Task »
Every picture is to be removed, and all the data is to be copied exactly.

Data shown »

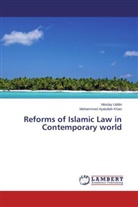 Mohammed Ayatullah Khan, Mosla Uddin, Moslay Uddin - Reforms of Islamic Law in Contemporary world
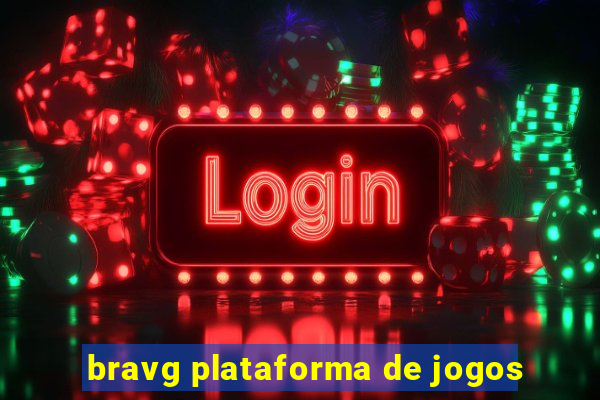 bravg plataforma de jogos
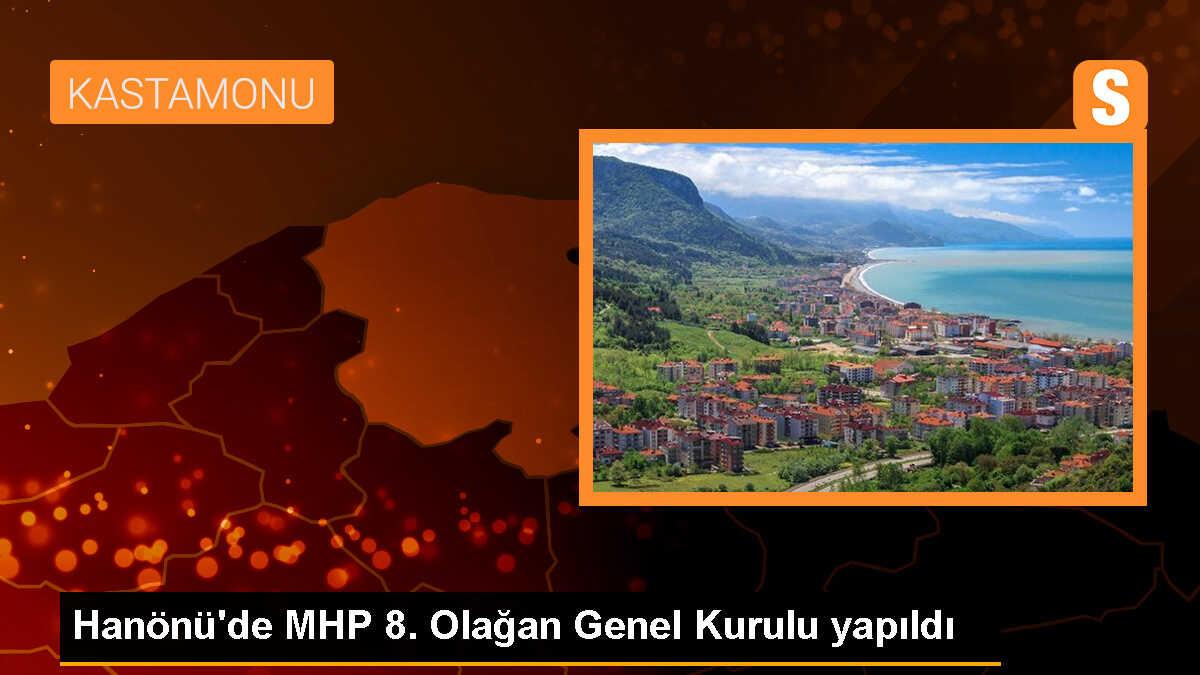 MHP Hanönü İlçe Başkanı Metin Arıkan Güven Tazeledi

Exercise output »
 Mohammed Ayatullah Khan, Mosla Uddin, Moslay Uddin - Reforms of Islamic Law in Contemporary world
 bravg plataforma de jogos
 MHP Hanönü İlçe Başkanı Metin Arıkan Güven Tazeledi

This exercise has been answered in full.